Oder liegt es nicht vielleicht an der Ignoranz? Dein Großvater war ein in Ägypten berühmter Musiker und Schauspieler. Es gab vor kurzem einen neuen Film über die berühmteste Sängerin des arabischen Raums…
Umm Kulthum

…ja, von beiden habe ich zuvor noch nie gehört.
Nun ja, nehmen wir nochmals Großbritannien: Sie schauen hauptsächlich auf sich. US-Bands genießen natürlich noch Aufmerksamkeit. Aber was in Ägypten diesbezüglich passiert, interessiert die meisten nicht. Europäer sind da anders. Vielleicht nicht so anders, wie es möglich wäre. Aber einige Leute, mit denen ich spreche, kennen Umm Kulthum. Es gibt auch Begegnungen: Robert Plant hat sich viel mit ihr auseinandergesetzt und Led Zeppelin haben einmal mit ägyptischen Musikern zusammen gespielt. Aber es ist doch schon eher noch so, dass z.B. bei einem britischen Preis in der Kategorie „International“ einmal nur Amerikaner nominiert waren. Und ja, es gibt tolle Bands in allen Ländern. Aber auch ich kenne eigentlich kaum eine Band aus Deutschland.

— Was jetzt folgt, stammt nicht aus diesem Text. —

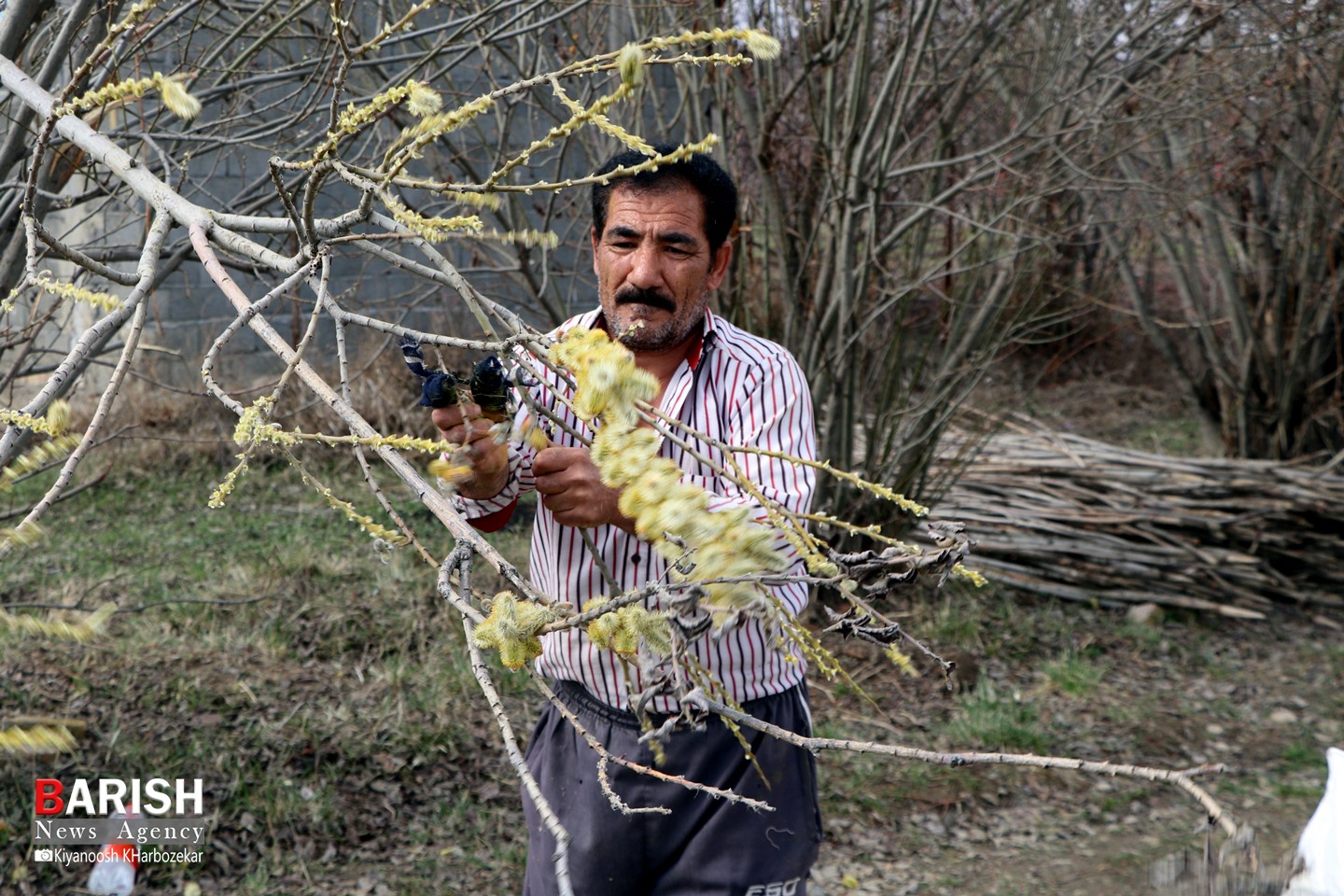 برداشت بیدمشک در ارومیه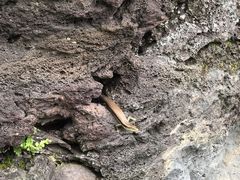 -海口火山口国家地质公园
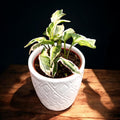 Syngonium 'Starlite'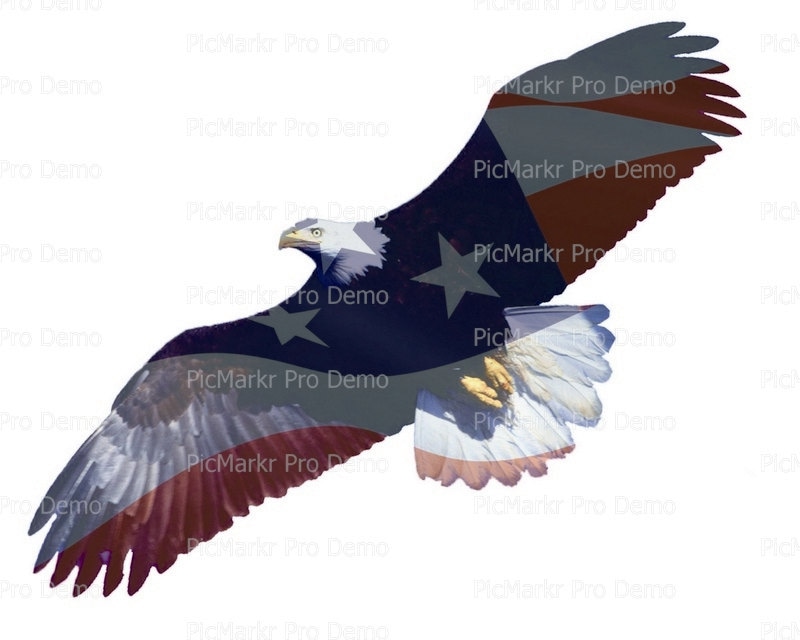 Flying American Bald Eagle - Edible Cake and Cupcake ...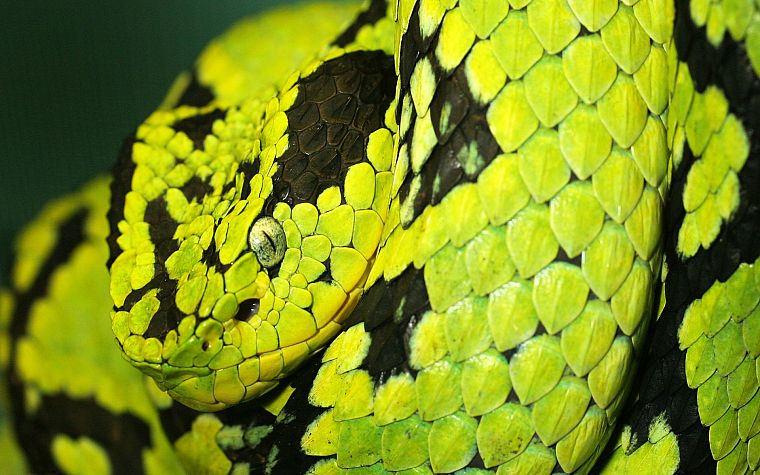snakes, toxic, Guatemalan Palm Viper - desktop wallpaper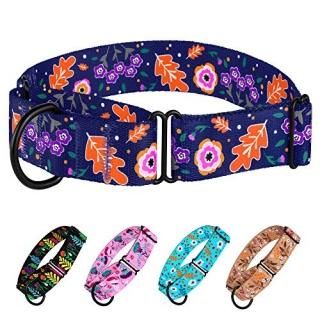 CollarDirect Martingale Collars for Dogs Heavy Duty Floral Pattern Female Safety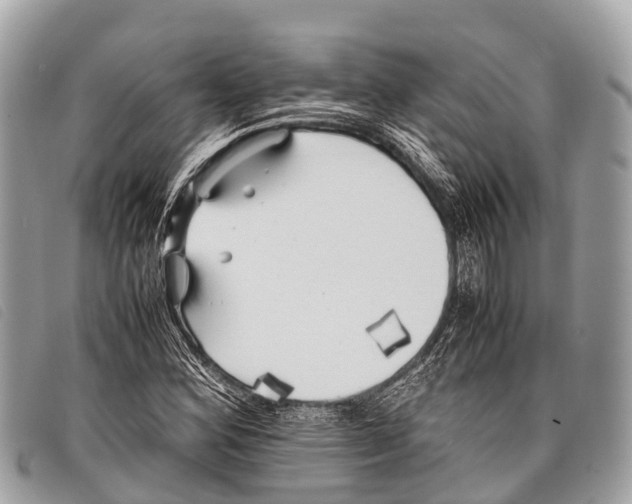 X0000097861164200804111145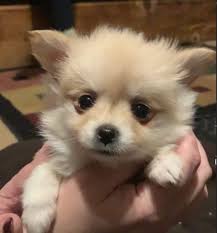Shop target sarasota store for furniture, electronics, clothing, groceries, home goods and more at prices you will love. Manatee County Reaches New Low With Puppy Thieves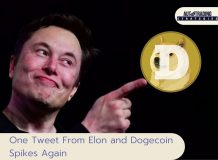 One Tweet From Elon and Dogecoin Spikes Again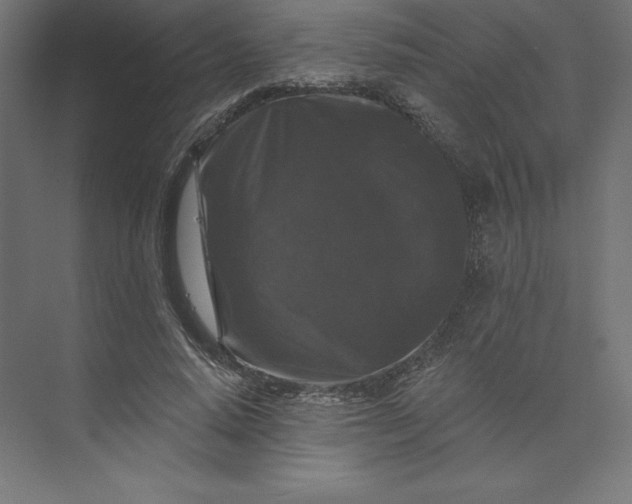 X0000074010640200609061050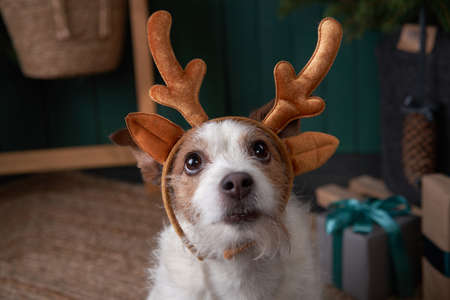 christmas dog in deer antlers. jack russell in a festive home interior. holidays with a pet near a new year treeの写真素材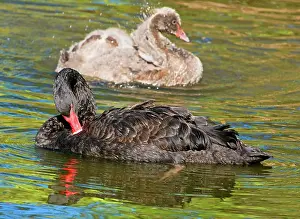 Cygnet: Black Swan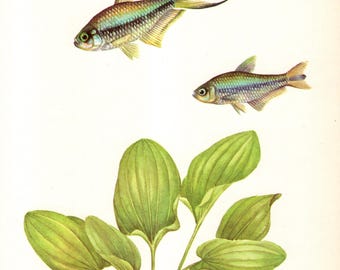 Vintage Tropical Fish Print Emperor Tetra Fish Gallery Wall Art Decor Ocean Aquarium Fish Wall Art Beach Decor Gift for Birthday 12661-100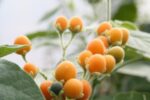 Solanum abutiloides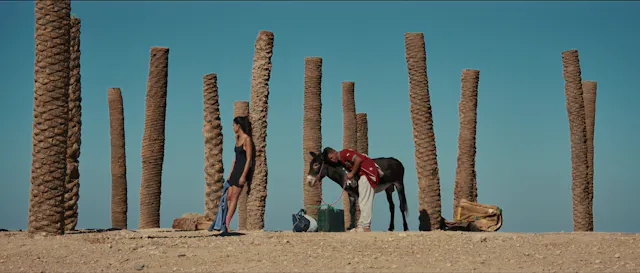 Donkey Skin (Morocco) by Taha Aziz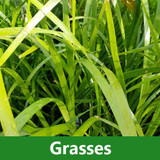 Grasses
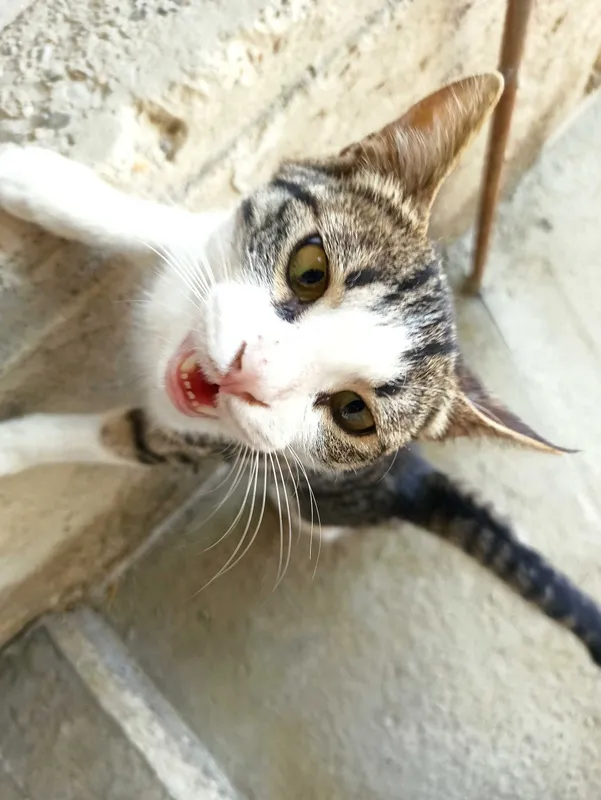 Mushuk erkak tekinga 4 Mushuk erkak tekinga 4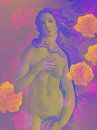 De geboorte van Venus, naar het werk van Sandro Botticelli - Pop Art van MadameRuiz thumbnail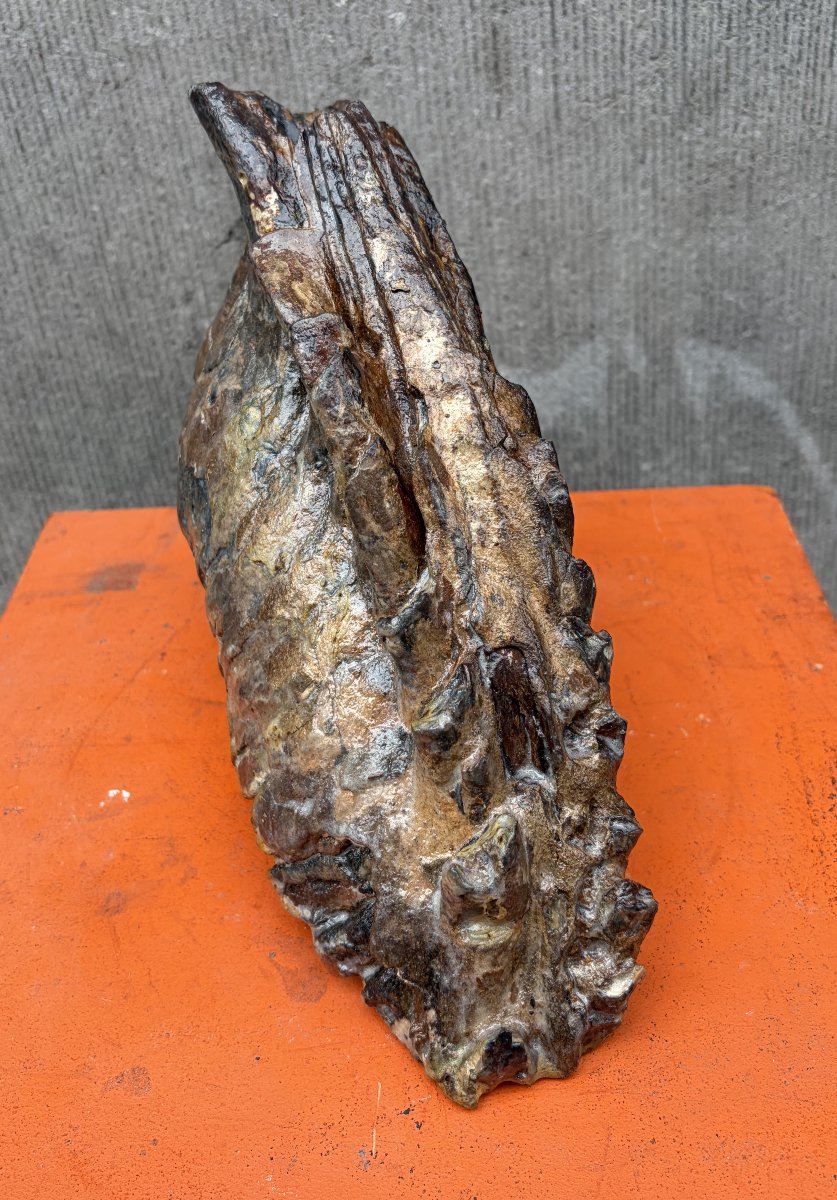 Fossilized Mammoth Tooth-photo-2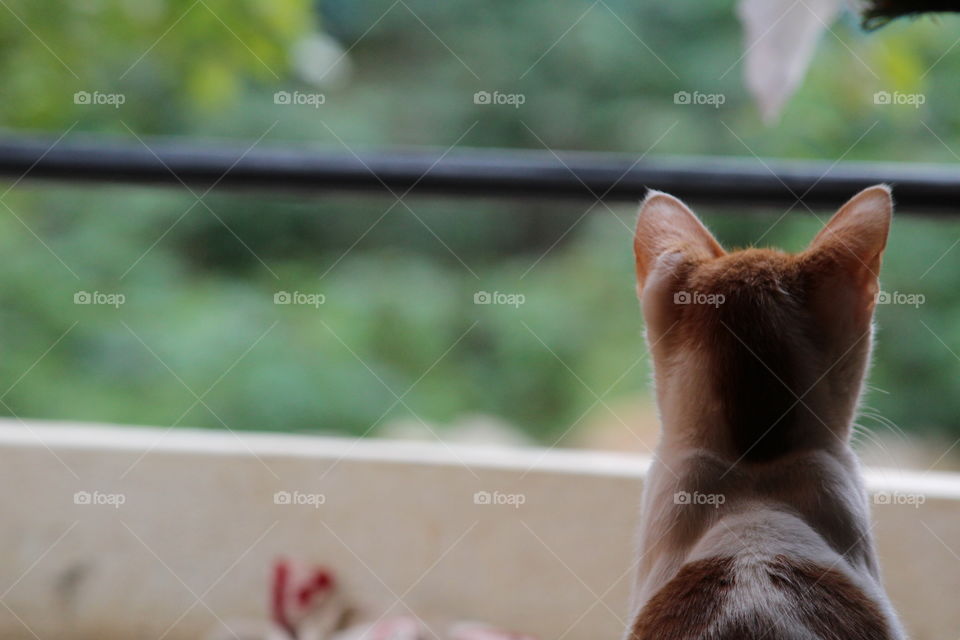 No Person, Cat, One, Outdoors, Nature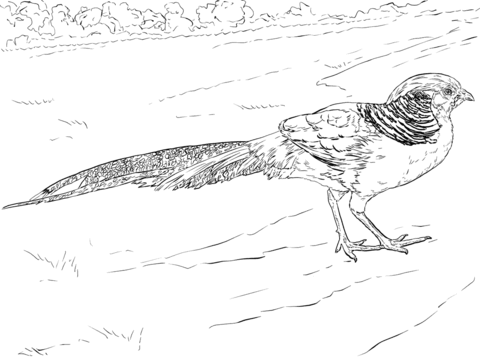 Golden pheasant walking coloring page free printable coloring pages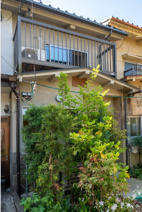吉田下大路町　中古テラスハウス【2025年６月改装済】の画像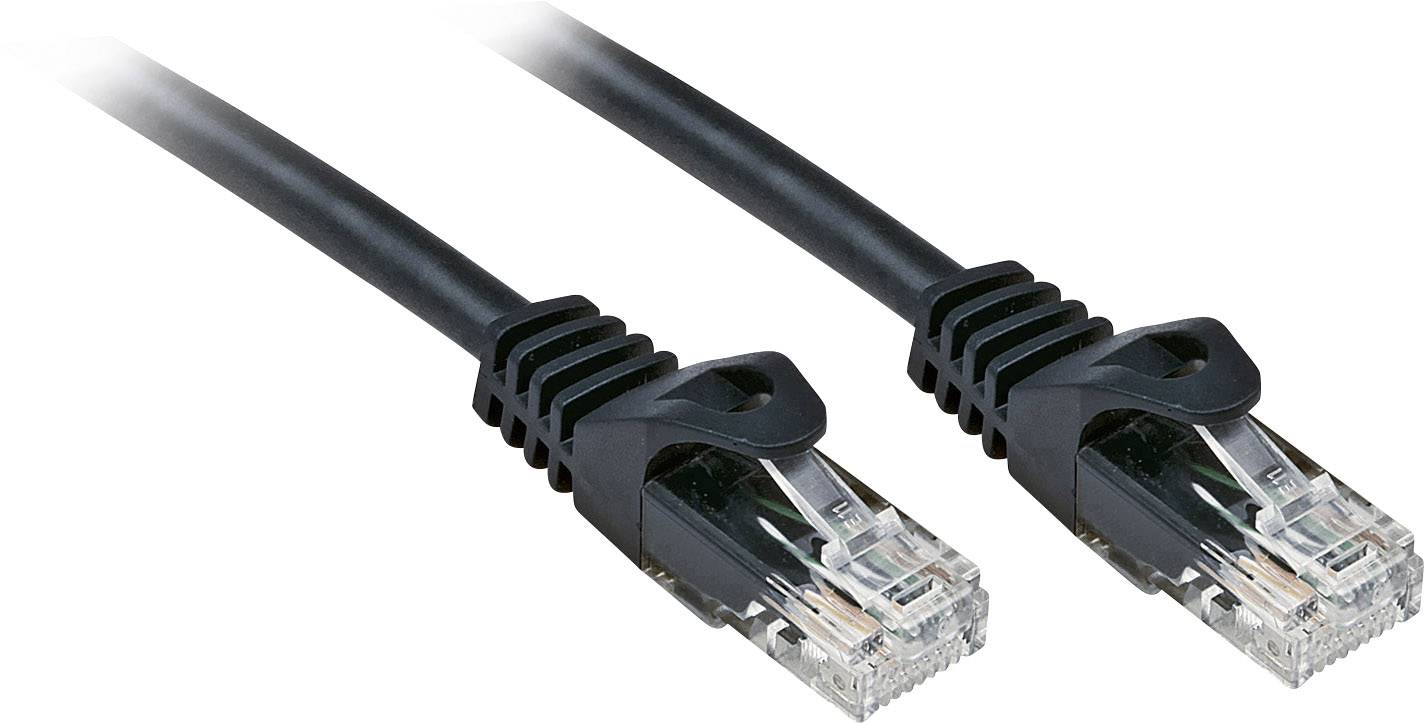 Zwei schwarze Netzwerkkabel mit RJ-45-Steckern, nebeneinander liegend. Geeignet für Ethernet-Verbindungen in Netzwerken.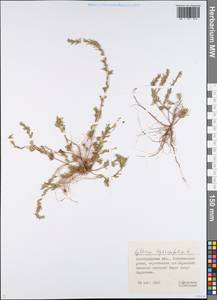 Lythrum hyssopifolia L., Eastern Europe, Lower Volga region (E9) (Russia)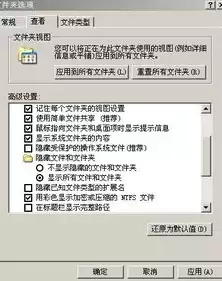 文件存储在外存还是内存，文件在外存上的分配方式有几种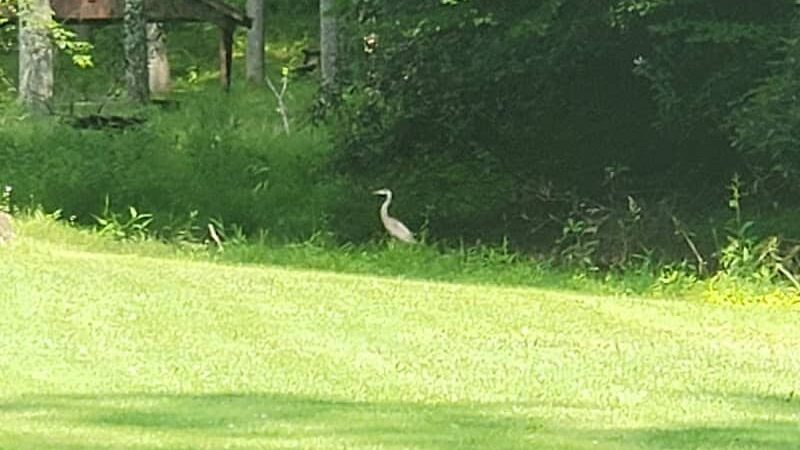 Laurel Lake Park - Lenore, WV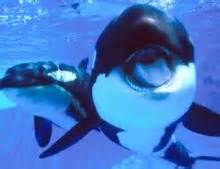 Puget Sound Orcas, Now An Endangered Subspecies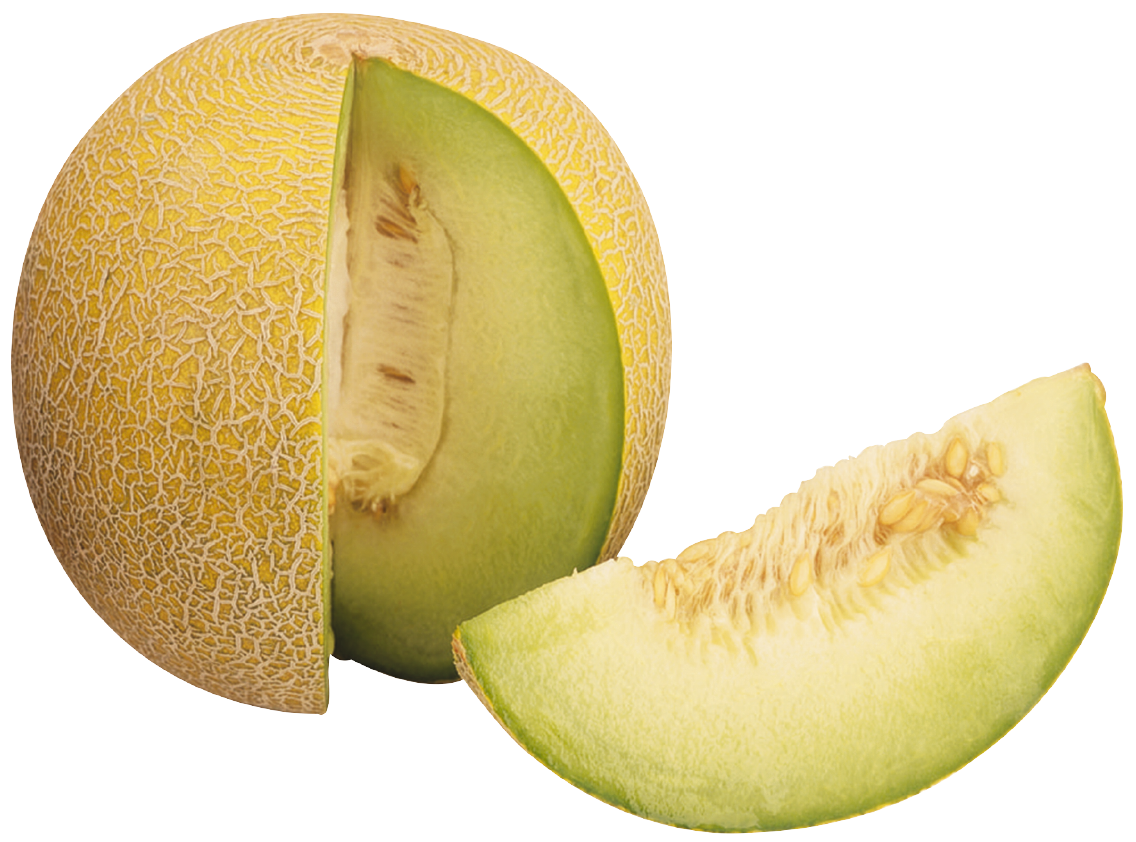 Galia Melonen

Du hast schon einen gewissen Weg hinter Dir mit Deiner Musik bis zu dem Punkt, an dem Du nun bist. Letzte Frage: Was ist für Dich – Stand jetzt – das Schlimmste im Musik-Geschäft?
Das Schlimmste? (überlegt) Vielleicht die Vielzahl von beschissener Musik. Und der Umstand, dass es anscheinend nur noch eine sehr kleine Anzahl an Menschen gibt, die sich komplette Alben anhören – das ist beschämend! Erst wenn ich mir die Zeit nehme, ein Album zu hören, erkenne ich Details und kann mich vollständig auf die Musik einlassen. Und wenn teilweise keine Alben mehr veröffentlicht werden, ist das beschämend. Es ist, als würde man keine Bücher mehr veröffentlichen, sondern nur noch einzelne Texte und Passagen.

Im Herbst erscheint Taminos erstes Album, das sicherlich lohnenswert sein wird, komplett angehört zu werden.